Cal-Maine Foods Inc.

A recent search using this "decent value" method has identified Cal-Maine Foods Inc. (NASDAQ:CALM), the biggest producer and distributor of shell eggs in the United States. The company's integrated work, from feed production to egg packaging, and its varied products including conventional, cage-free, and organic eggs, establish it as a leader in a steady consumer staples area. For value investors, the attraction is not in uncertain growth stories but in sound financials available at a sensible price. A close look at Cal-Maine's fundamentals indicates it may match this description, pairing strong operational measures with a valuation that seems low.

Valuation: A Central Part of the Strategy

The valuation rating is the beginning for any value investment, as it directly measures the difference between market price and perceived intrinsic value. A high valuation score shows a stock is priced low compared to its financial performance and assets, which is the main situation value investors look for.

Cal-Maine's fundamental report gives it a Valuation Rating of 7 out of 10, showing it is priced well compared to similar companies and the wider market. Important measures backing this include:

  • A trailing Price-to-Earnings (P/E) ratio of 3.68, which is much lower than the industry average of 20.88 and the S&P 500 average of 27.10. This makes CALM less expensive than about 98% of its industry.
  • An Enterprise Value to EBITDA ratio and a Price-to-Free Cash Flow ratio that are also some of the best in the food products industry, showing the market is pricing the company's cash-generating ability cautiously.

While the forward P/E ratio is higher at 19.05, showing expected earnings normalization, it stays below the S&P 500 average. For a value investor, these standard valuation multiples indicate the stock is not weighed down by high market expectations, offering that important entry point at a price below clear business value.

Financial Health: The Base of Safety

A good financial health rating is essential for a careful value investment. It confirms the company has the steadiness to endure economic declines and the soundness to continue operating without high risk of financial trouble, important parts of the "margin of safety."
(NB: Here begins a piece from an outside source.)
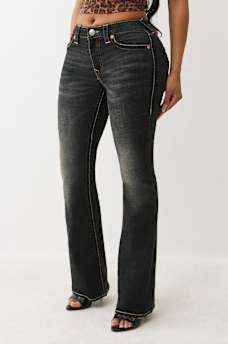 BECCA MID RISE BIG T BOOTCUT JEAN, image 4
Cal-Maine does very well here, receiving a perfect Health Rating of 10. The company's balance sheet is very clean and strong:

  • It has no debt, leading to a Debt-to-Equity ratio of 0. This removes interest expense risk and gives great financial adaptability.
  • Liquidity is excellent, with a Current Ratio of 8.02 and a Quick Ratio of 6.46, much better than industry standards and showing a better ability to meet short-term needs.
  • An Altman-Z score of 9.97 clearly shows a very low near-term risk of bankruptcy.

This flawless financial situation means Cal-Maine does not depend on helpful capital markets to continue, a key characteristic that lets value investors be calm while waiting for their valuation idea to develop.

Profitability: Quality at a Low Price

Value investing is not only about buying inexpensive stocks; it's about buying good companies at a low price. High profitability shows efficient management, competitive strengths, and the ability to create returns for shareholders, all signs of a business with lasting intrinsic value.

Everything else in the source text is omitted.